Na campanha, a equipe de Bolsonaro criou 29 grupos de trabalho para discutir propostas. As discussões mais avançadas estão na Previdência, mas ainda não há definição. Os auxiliares da campanha também endossaram a ideia de que é preciso preservar o teto dos gastos públicos, apesar das dificuldades na gestão do Orçamento devido a seu engessamento.
Hoje, mais de 90% das despesas são obrigatórias. O teto de gastos, criado por Temer em 2016, prevê que, por 20 anos, as despesas do governo ficarão congeladas, ou seja, só poderão subir no mesmo ritmo da inflação.
— Romper o teto dos gastos seria uma loucura. O governo vai fazer de tudo para que isso não ocorra — disse uma fonte da campanha .
Economistas com visão mais crítica citam a pouca experiência na máquina administrativa da equipe que está chegando ao governo como fator de preocupação.
Desemprego
A proposta de Paulo Guedes para atacar o desemprego, sobretudo entre jovens, é criar um novo tipo de contrato, a “carteira verde e amarela”, que só estaria disponível para quem tem entre 20 e 25 anos. O empregado abriria mão da contribuição patronal para o INSS e poderia investir livremente os recursos do FGTS.
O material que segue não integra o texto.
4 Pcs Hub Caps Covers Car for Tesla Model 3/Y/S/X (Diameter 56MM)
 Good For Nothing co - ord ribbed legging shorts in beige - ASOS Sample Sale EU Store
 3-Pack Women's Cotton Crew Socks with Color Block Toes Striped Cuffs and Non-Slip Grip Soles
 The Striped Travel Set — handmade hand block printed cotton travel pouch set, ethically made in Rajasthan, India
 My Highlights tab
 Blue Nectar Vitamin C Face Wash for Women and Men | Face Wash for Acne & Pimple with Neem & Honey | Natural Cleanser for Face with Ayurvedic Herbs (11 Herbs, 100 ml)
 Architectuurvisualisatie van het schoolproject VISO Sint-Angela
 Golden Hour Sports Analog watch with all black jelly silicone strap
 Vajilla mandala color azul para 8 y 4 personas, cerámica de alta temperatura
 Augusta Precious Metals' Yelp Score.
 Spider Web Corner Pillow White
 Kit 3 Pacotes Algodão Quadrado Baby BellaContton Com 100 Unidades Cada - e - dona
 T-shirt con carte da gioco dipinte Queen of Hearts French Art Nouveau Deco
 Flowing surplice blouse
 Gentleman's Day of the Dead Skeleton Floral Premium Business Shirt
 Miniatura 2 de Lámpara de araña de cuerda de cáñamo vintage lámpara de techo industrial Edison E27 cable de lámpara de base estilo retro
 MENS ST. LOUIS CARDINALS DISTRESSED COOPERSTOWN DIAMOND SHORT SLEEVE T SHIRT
Naércio Menezes Filho, coordenador do Centro de Políticas Públicas do Insper, avalia que a reforma trabalhista do governo Temer foi na direção correta, de flexibilizar regras e reduzir processos:
— Acabamos de fazer uma reforma trabalhista, não há por que fazer uma nova. Mais importante é melhorar a produtividade de empresas e trabalhadores. É preciso reduzir incentivos, desburocratizar, promover a concorrência nas empresas. E capacitar melhor os trabalhadores.
Desburocratizar é também fundamental para a retomada dos investimentos em infraestrutura, diz Frischtak, da Inter.B. Nos últimos anos, o país destinou menos de 2,38% do PIB, patamar considerado o mínimo necessário para manter a atual rede de infraestrutura — ou seja, os ativos de transportes, telecomunicações, energia e saneamento estão se deteriorando. Este ano, a Inter.B estima que o país vá investir só 1,70%.
Segundo o economista — que assessorou a presidenciável Marina Silva (Rede) e cujos estudos têm sido citados em círculos da campanha de Bolsonaro —, a privatização é indispensável, diante da incapacidade de o Estado investir. Paulo Guedes propõe usar recursos obtidos com a venda de estatais para zerar o déficit público. Mas Frischtak lembra que “há diferentes visões” dentro da equipe de Bolsonaro. Recentemente, o capitão refutou a possibilidade de privatizar a geração de energia.
— Realisticamente, não se consegue zerar o déficit com a venda de estatais. Na melhor das hipóteses, vamos levar de oito a dez anos para reduzir o tamanho delas. Tivemos um exemplo recente dessas dificuldades, quando o Senado rejeitou a venda de subsidiárias deficitárias da Eletrobrás — lembra Frischtak.